The second period was a little less sound, and quite a bit more scrambly. The Wild made proper adjustments and matched the Flames stride for stride. The Flames penalty kill again was active and effective. The Wild come on, hitting the post and seemingly find a way to have some of the bounces go their way while in the Flames zone. Late in the period, an aforementioned  bounce ends up in the right place, and the Wild equalize through Stephane Veilleux. In an odd sequence, the puck hops out of the next quickly as it ended up hitting Marrk Giordano’s stick which was pressed on the other side of the mesh. About 15 seconds pass, and Giordano fires the puck over his own glass. The play is reviewed, and the goal stands….oddly, the  delay of game penalty which technically should have been moot, gets put up on the board. The Wild end the 2nd period on the power play, with the game freshly tied up…probably a fair result as of this point.

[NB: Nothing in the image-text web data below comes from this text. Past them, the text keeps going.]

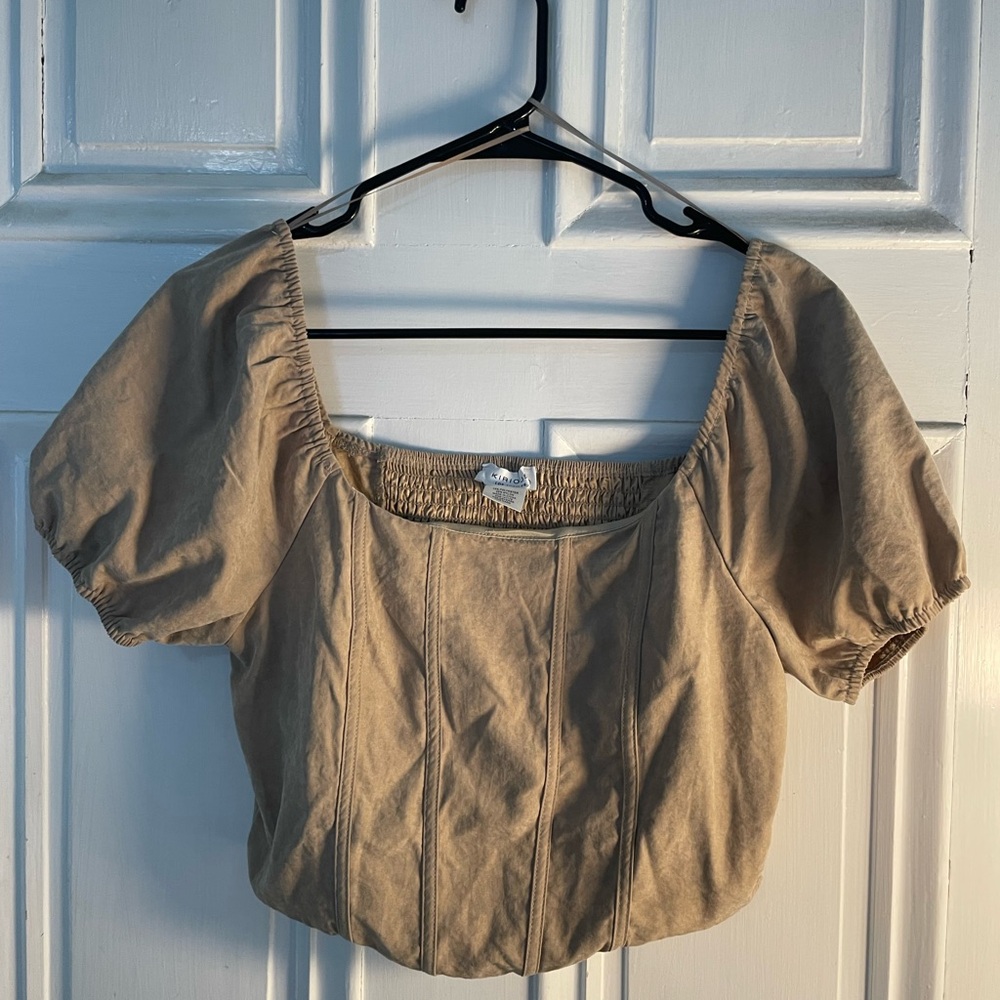 Elegant Tan Puff Sleeve Blouse
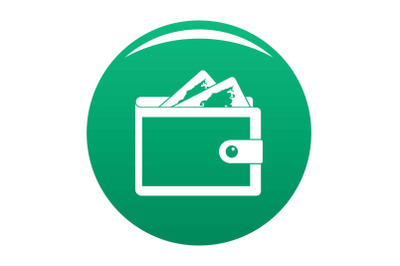 Purse icon vector green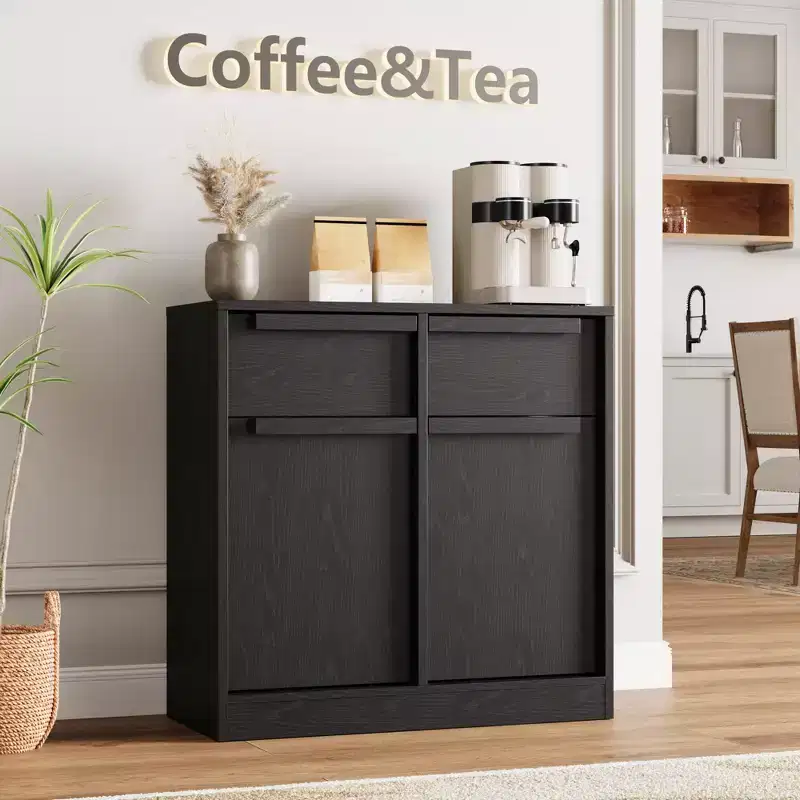 31.5 Sideboard Buffet Cabinet, Entryway Coffee Bar Cabinet with 2 Drawers, Wooden Floor Cupboard Cabinet, Media Console Table for Living Room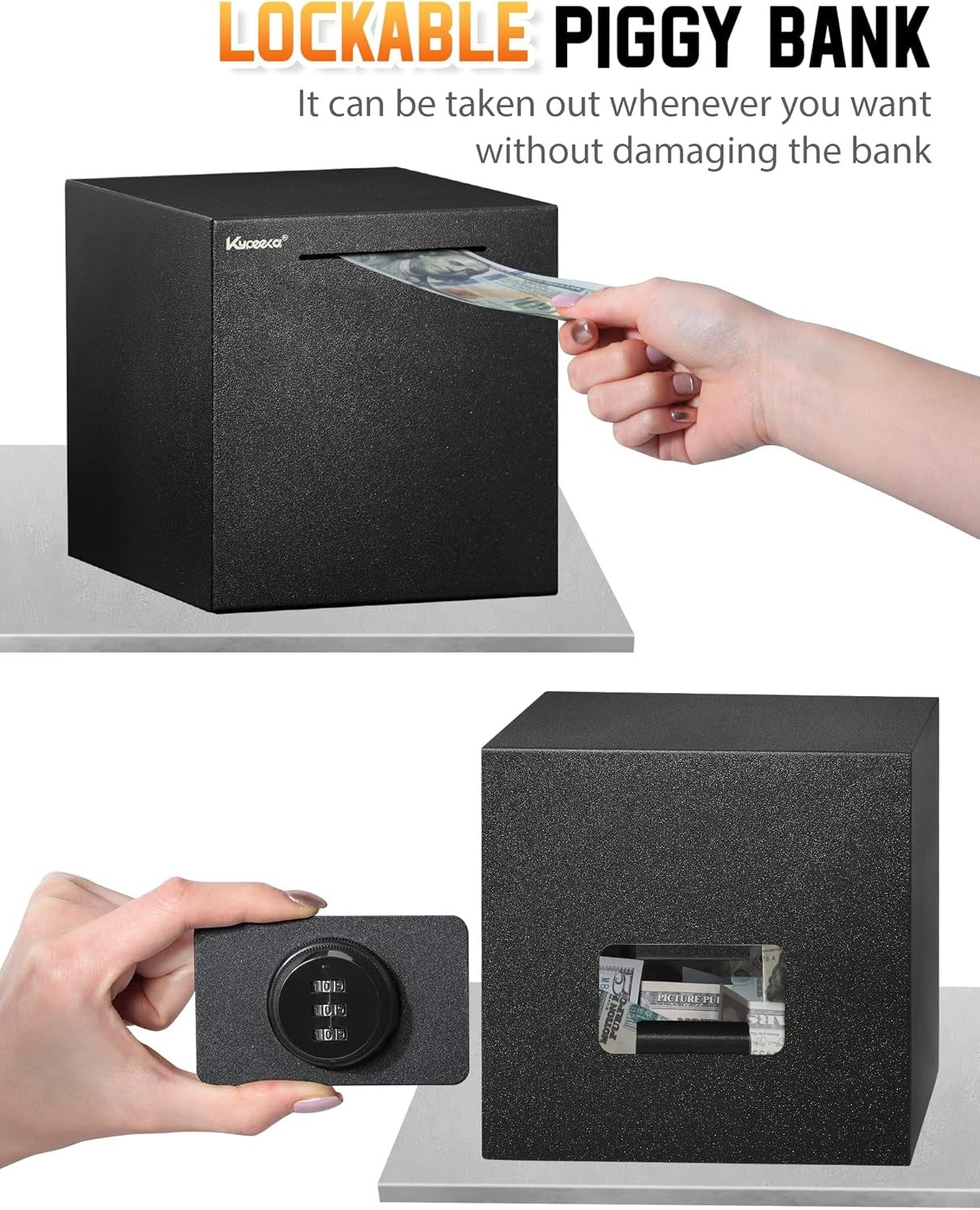 Locking Metal Piggy Bank Money Saving Box Combination Password Safe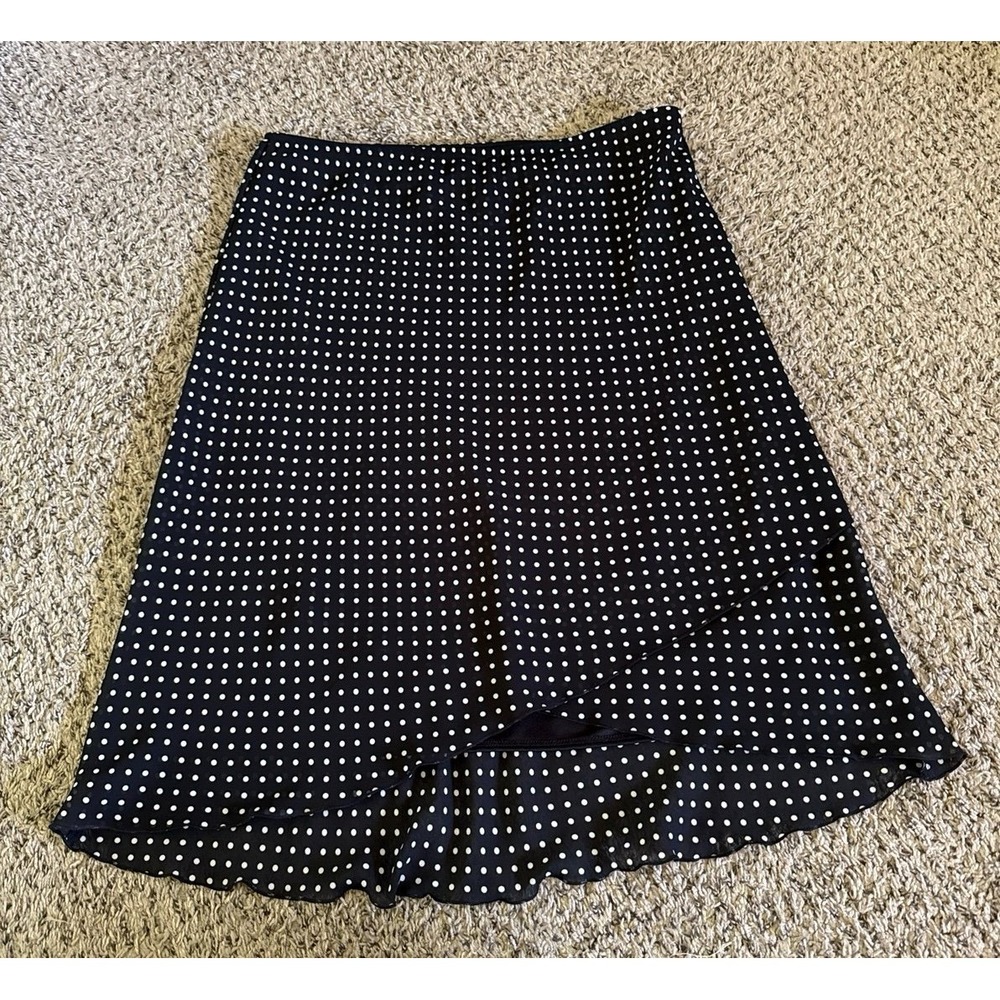 I.N. Studio‎ Women's black white polka dot A-line ruffle hem skirt size XL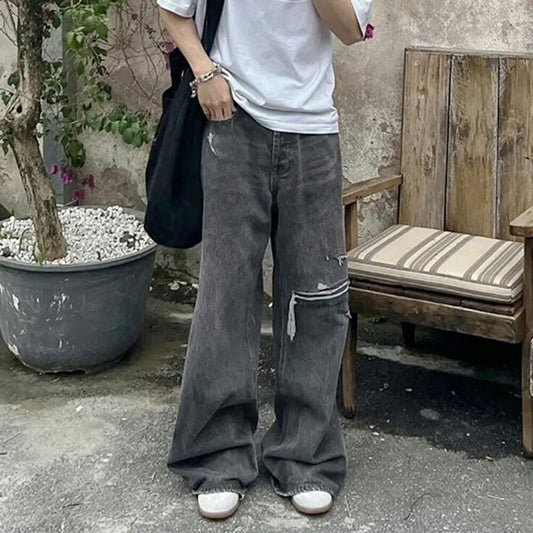 Harajuku Washed Vintage Hole Ripped Baggy Casual Jeans Pants Unisex Y2K Straight Loose Denim Trousers Streetwear Oversize Cargos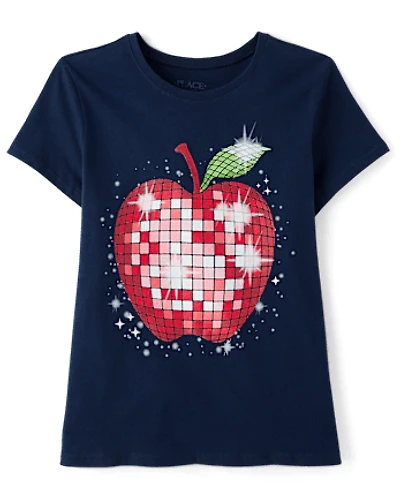 Girls Disco Apple Graphic Tee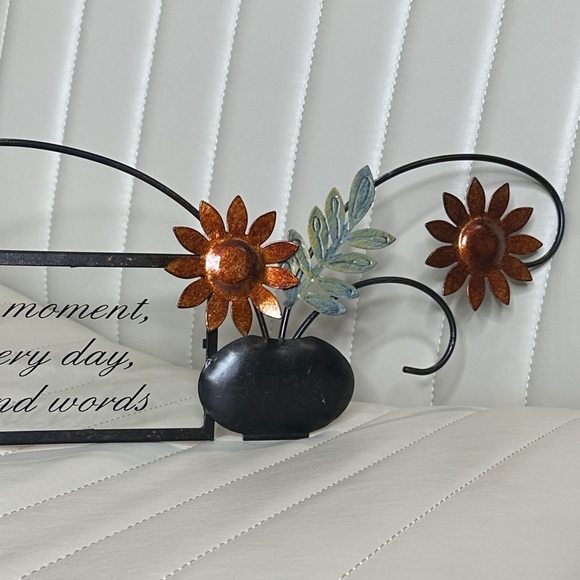 Sunflower Metal Art with Inspirational Quote Live Laugh Love 24" x 7" NWOT Glass - Picture 4 of 9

The Flames begin the third with a solid penalty kill, followed by an ineffective powerplay, results wise. However, that powerplay gives the Flames back the see-sawing momentum and thus back into the driver’s seat of the game. Daymond Langkow robbed by Harding with a couple fantastic pad saves, soon after, Adam Pardy gets beaten at the blue line flat footed, and is forced to take a interference call to prevent a odd man rush against. The Flames penalty kill continues to excel, and when  a clearing shot partially deflects off Brent Burns, it allows a streaking Eric Nystrom to fend off a retreating Burns, and masterfully executes a fake which freezes Harding, and enables Nystrom to slide the puck around the now-sprawling Minnesota netminder for the mid period lead. The Wild, never a team to lay down, begin to press the Flames and hem them in their own zone for shifts at a time. Sound positioning, active sticks, and repeated, quality saves by Flames goalie Miika Kiprusoff keep the home team up by a goal. The Flames withstand the barrage and come out on top of the 2-1 encounter.

Three Stars

  1. Miika Kipusoff: Taken for granted on this recent 12-3-3 spell, Kiprusoff is making the spectacular, as well as those tricky stops that don’t make the highlights. To say he’s back in form is an understatement, in a game like to tonight’s he was the difference maker in the end, making that one save that is the difference between a 2 point night, or a “1 or less” night.
  2. Eric Nystrom: Capped off solid Flames penalty killing with great speed, and fine execution for the game winning goal. Just another in the long line of meaningful contributors on this club, which is this team’s calling card over most versions of the hockey club in the past decade.
  3. Todd Bertuzzi: Tonight, all over the place and his puck often on his stick. Love him or hate him, he’s seemingly always involved in adding another dimension to the 2nd line, or the powerplay. With 12 points in the last 15 games, he appears to be a versatile catalyst to whoever his linemates are. Sure, all of his passes and ideas don’t work, but that sort of creativity, willingness to attempt the uncommon play, and ability to pull it off, is something this team has lacked consistently in the past.  While some may look at his style and wish he could do more, one look his 18 minutes average of ice time, his tie for 3rd in team scoring, his ability to embrace and excel in his role, and his somewhat paltry salary, and feel pretty good at the value the organization is getting from him.

Big Save

A series of  Miika Kiprusoff stops in the third preserves a Flames win.  With the puck bouncing around in the slot, Wild players bang away, but Kiprusoff keeps his right pad down and against the post, thwarting the Wild’s repeated attempts at the loose puck.

Big Hit

Later in the third, Wild pugilist Derek Booguard decides to line up a stationary Dion Phaneuf at the Wild bench. The Wild player, however, buckles like a big oak tree as Phaneuf stands tall and absorbs the hit, and Boogard has to pick himself off the ice.

The Goat

Very tough to pick a goat on the Flames roster in this past 18 games stretch night in and night out. Relatively speaking though, the last two games have not looked sharp for Matthew Lombardi or David Moss. In Lombardi’s case, he’s still skating well, but just not paying close enough attention to detail with the puck and without it, and not properly executing fundamental plays that he should be making in the offensive zone and in his own zone. Moss has looked like the pressure and spotlight that go along with 11 goals is getting to him, and he genuinely looks to be trying too hard and getting too wrapped up in trying to duplicate his recent success, rather then just trying to let it happen. A giveaway against Ottawa leading to the 2nd goal, and tonight again, stumbling over himself and the puck and missing an vital clearing attempt by getting the puck taken off his stick, in his own faceoff dot as he turned up ice in the waning minutes of the game.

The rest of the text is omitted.